The workers said the work slowdown was the result of growing hostility between the mayor and the workers responsible for clearing the snow.

In the last two years, the agency's workforce has been slashed by 400 trash haulers and supervisors -- down from 6,300 -- because of the city's budget crisis. And, effective tomorrow, 100 department supervisors are to be demoted and their salaries slashed as an added cost-saving move.

The Post tells a different story than the one laid out implicating budget cuts as the reason this cleanup has gone so badly, one in which union thugs use intimidation and retaliatory tactics to fill their wallets and negotiate. These are the people Democrats trust to employ "card check" in a free and fair way.

I reported yesterday how well compensated these people are:

...[T]he top salary of $66,672 is only the tip of the iceberg for active sanitation worker compensation because it excludes other things like overtime and extra pay for certain assignments. For example, one worker in 2009 had a salary of $55,639 but actually earned $79,937 for the year.

Sanitation workers don't pay a dime for premiums on their cadillac health care plan, which includes prescription drug coverage along with dental and eye care for the whole family. Many continue to receive the full benefit upon retiring after only 10 years. And then there's the matter of their pension:

...Nearly 180 retired [sanitation workers] make over $66,000 year -- in other words, over and above the maximum salary of currently working employees. In fact, 20 retirees make upwards of $90,000 in retirement, up to $132,360.

Keep that in mind when reading lines like this:

...[M]ultiple Sanitation Department sources told The Post yesterday that angry plow drivers have only been clearing streets assigned to them even if that means they have to drive through snowed-in roads with their plows raised.

And they are keeping their plow blades unusually high, making it necessary for them to have to run extra passes, adding time and extra pay.

One mechanic said some drivers are purposely smashing plows and salt spreaders to further stall the cleanup effort.

Sure, Mayor Bloomberg planned poorly and should have announced a snow emergency.

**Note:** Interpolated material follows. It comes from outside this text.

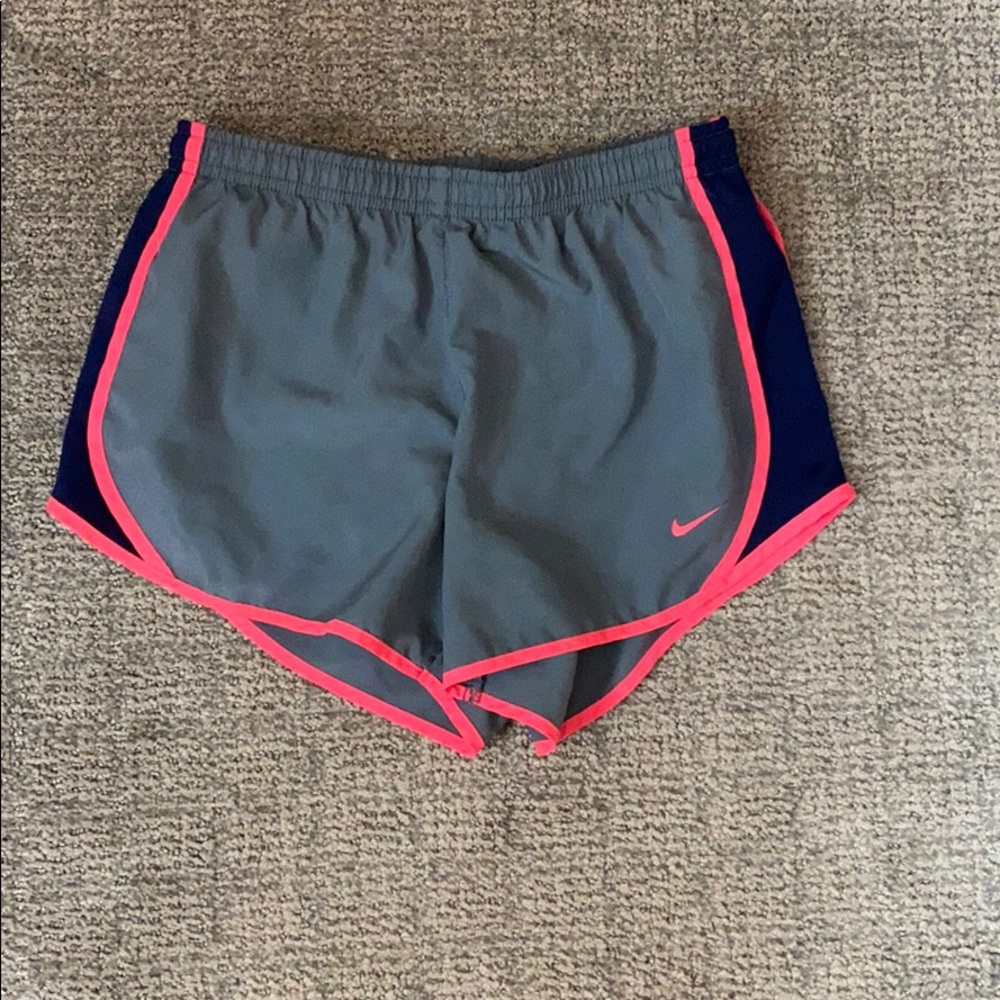 Girls Nike Shorts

But this story makes it clear that even if he did, it wouldn't have made a difference. The question is whether Bloomberg will do anything about it.

1 comment:

  1. This illustrates that Big Labor is just as bad, if not worse, than Big Business. No one who works directly for any level of government (town/city, county, state, or federal) should be able to belong to a union that is in any way connected to their work.